I think this is why I saw so much of my grandfather in the character of Mr Brown. Like him, my grandad was not an ‘educated’ man, he passed the 11+ but his family couldn’t afford the grammar school fees. Like Basil Brown he left school at aged 12, but equally always had a hunger to learn. He never went to university, but but he had an incredible love and knowledge of History, particularly of his home county of Herefordshire. Mr Brown was equally rejected by his peers for his lack of academic achievement, but later exclaims that he could identify a handful of soil from anywhere in Suffolk, even down to the the person who’s land it came from.
In Mr Brown, young Robert finds a role model, a man to follow and look up to.
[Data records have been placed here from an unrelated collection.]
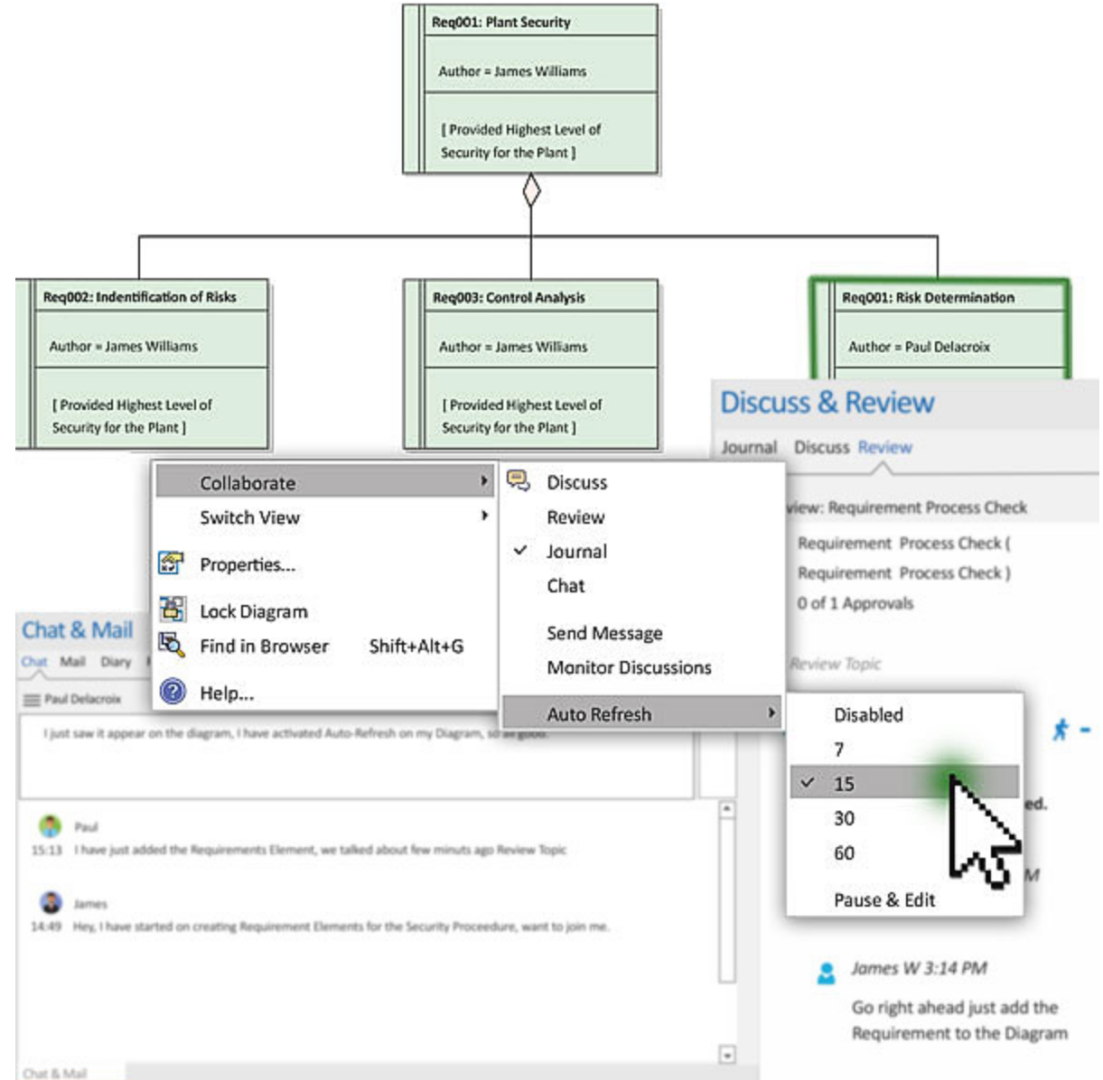 Enterprise Architect如何设置默认视图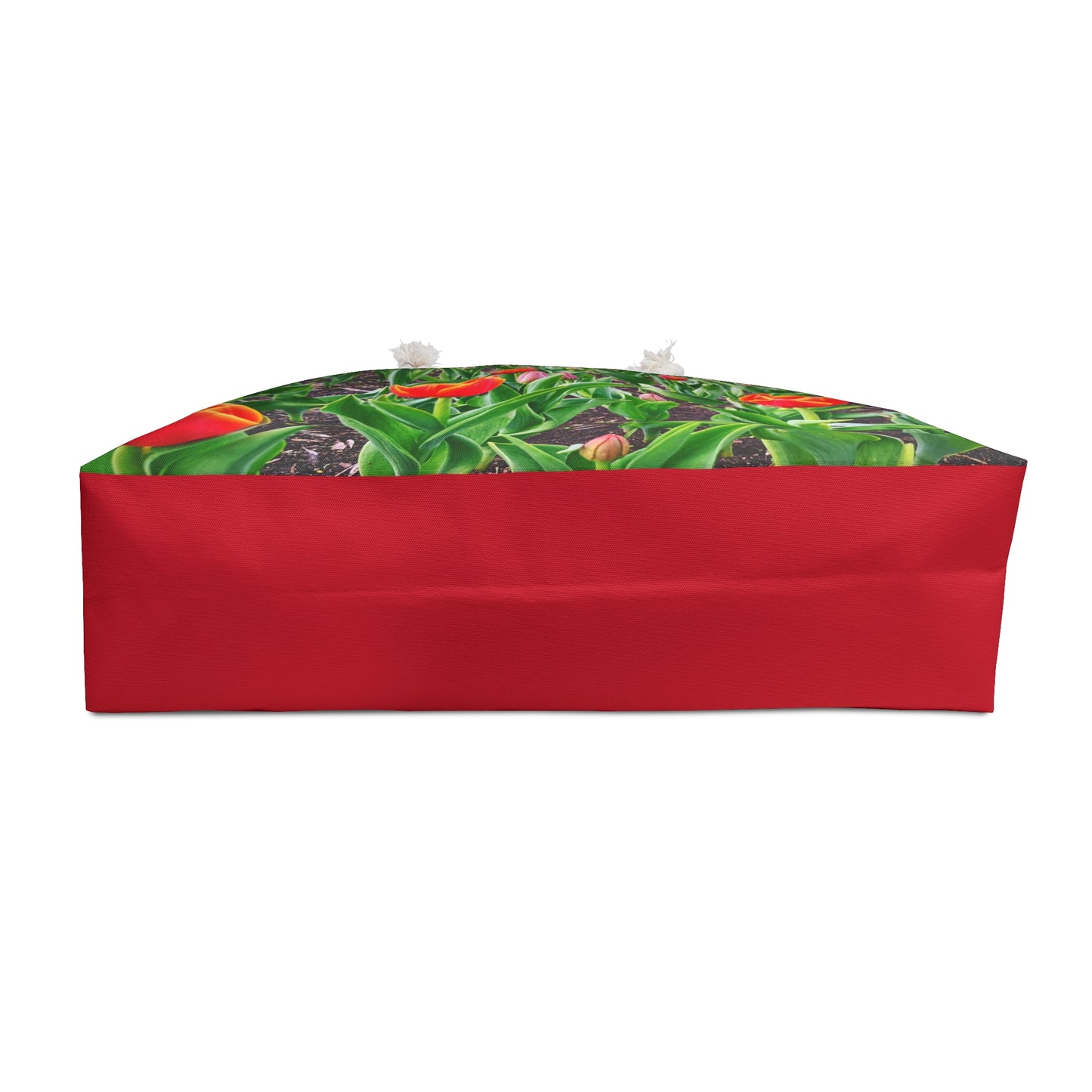Red Tulips Weekender Bag (SP Photography Collection) RED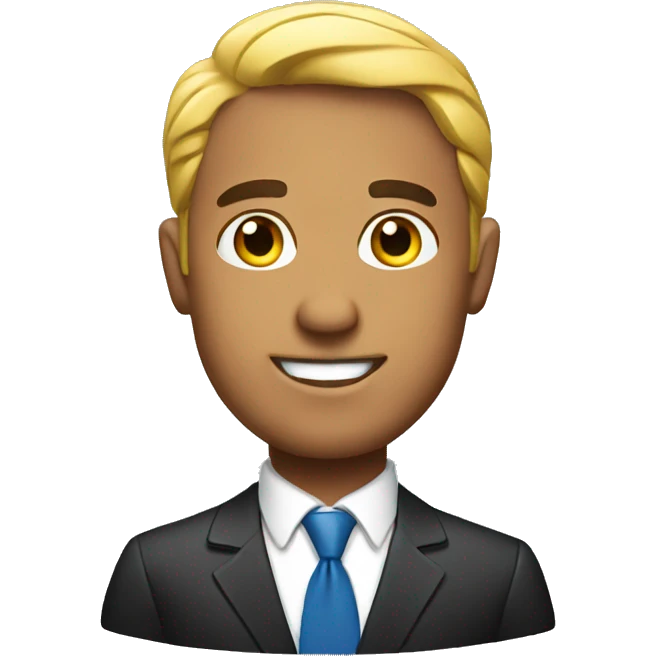 business man emoji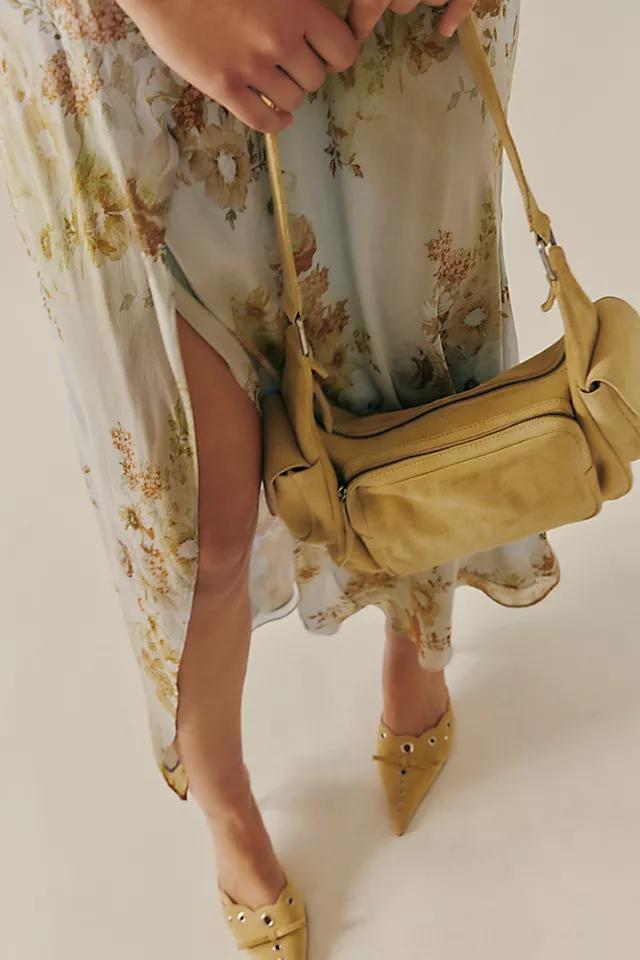 Siren Suede Shoulder Bag Product Image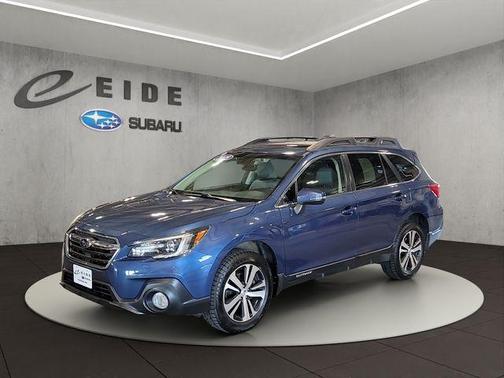 Abyss Blue Pearl 2019 Subaru Outback 2.5i Limited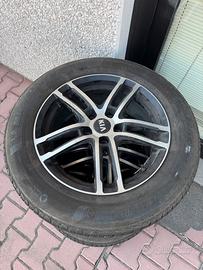 Cerchi con gomme Kia sportage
It was perhaps not the most profound or intentional father-son, mentor-disciple relationship. But the importance of solid, characterful role models for young men can never be underestimated. In fact, I’d go so far as to say that the lack of them is one of the central reasons for the crisis we find in our Church in these times.
Basil Brown, and my grandad, never taught their young protégés anything explicitly, but by their examples gave them a model of masculinity to follow. We may, as St Paul urges us, do well to take him as our example, as he took Christ (1 Cor 11:1). In so doing let us return to a sense of authentic, Catholic masculinity. Let us model to our sons a life of prayer, sacrifice, love and service of others.